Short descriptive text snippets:

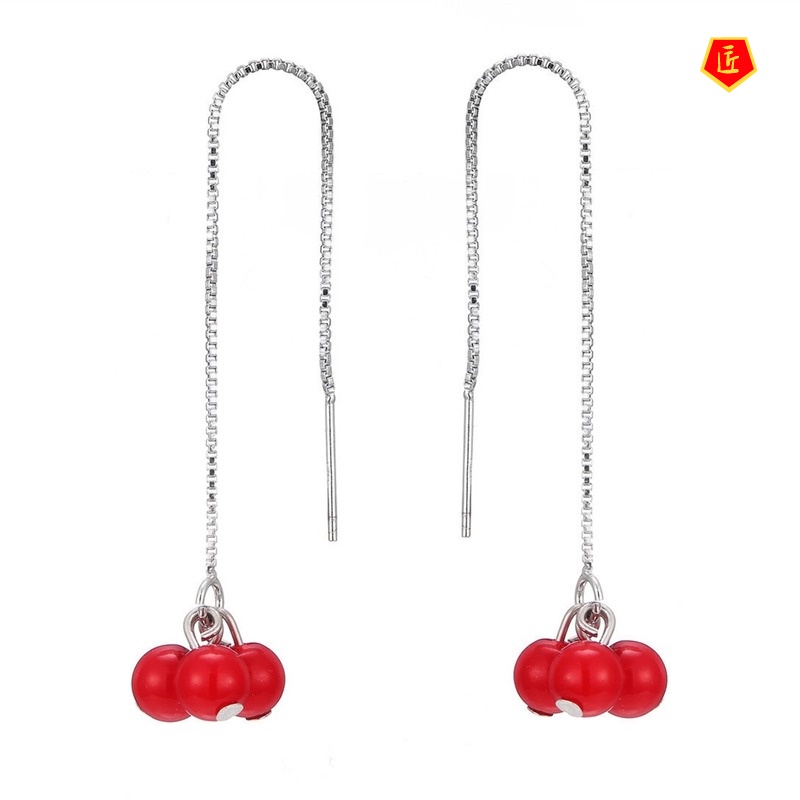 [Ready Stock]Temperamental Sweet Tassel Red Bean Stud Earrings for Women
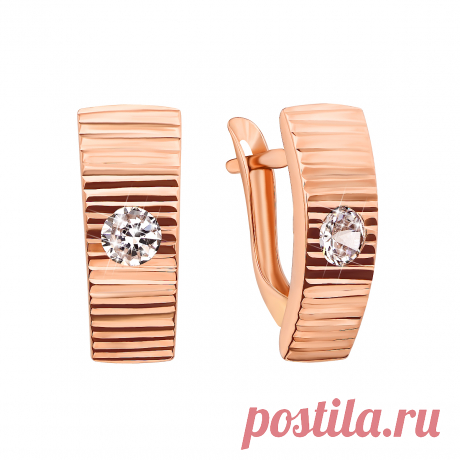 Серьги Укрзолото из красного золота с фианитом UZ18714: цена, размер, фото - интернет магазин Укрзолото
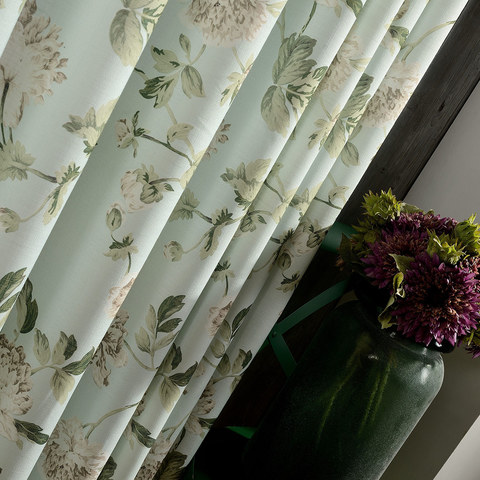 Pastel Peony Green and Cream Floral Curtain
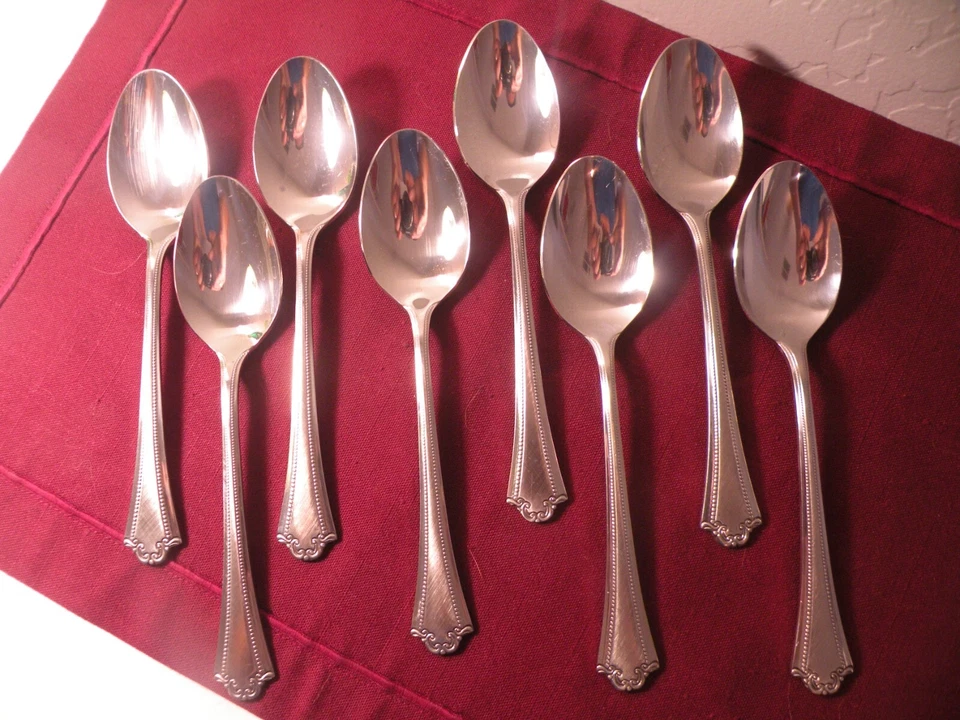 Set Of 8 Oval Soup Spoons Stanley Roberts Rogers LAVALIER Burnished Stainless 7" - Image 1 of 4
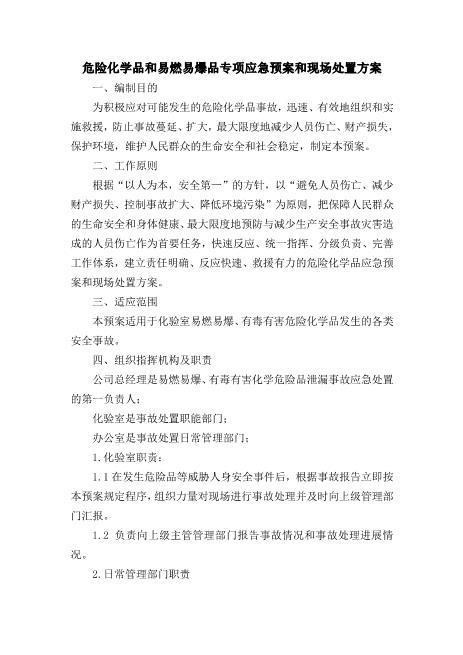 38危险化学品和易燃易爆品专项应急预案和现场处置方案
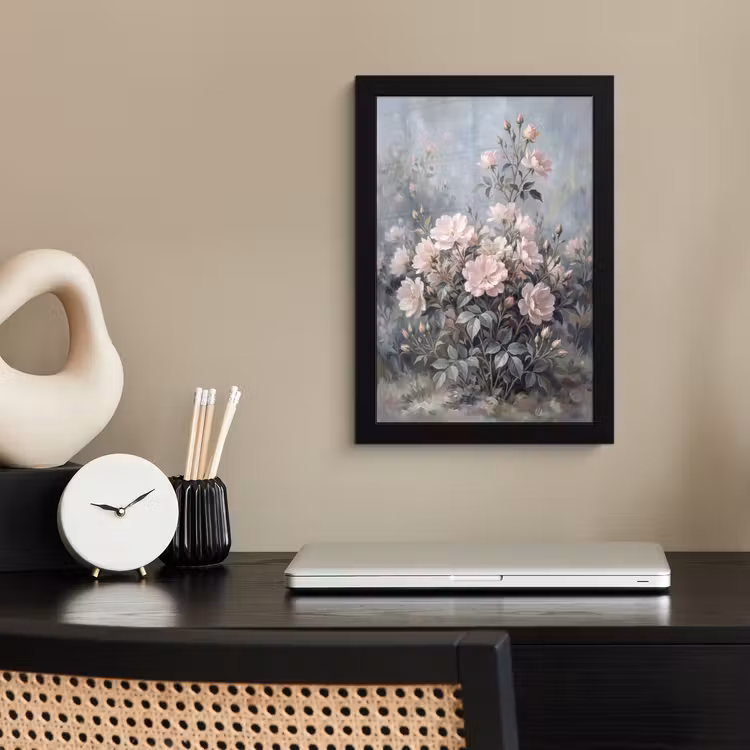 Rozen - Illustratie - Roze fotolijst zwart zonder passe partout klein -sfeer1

YOUR GOAL:
Give again, word for word, only the lines from the line containing "Pastel Peony Green and Cream Floral Curtain" through the last line above, both included; leave the pictures out.

ANSWER BOX:
 Pastel Peony Green and Cream Floral Curtain
 Set Of 8 Oval Soup Spoons Stanley Roberts Rogers LAVALIER Burnished Stainless 7" - Image 1 of 4
 38危险化学品和易燃易爆品专项应急预案和现场处置方案
 Rozen - Illustratie - Roze fotolijst zwart zonder passe partout klein -sfeer1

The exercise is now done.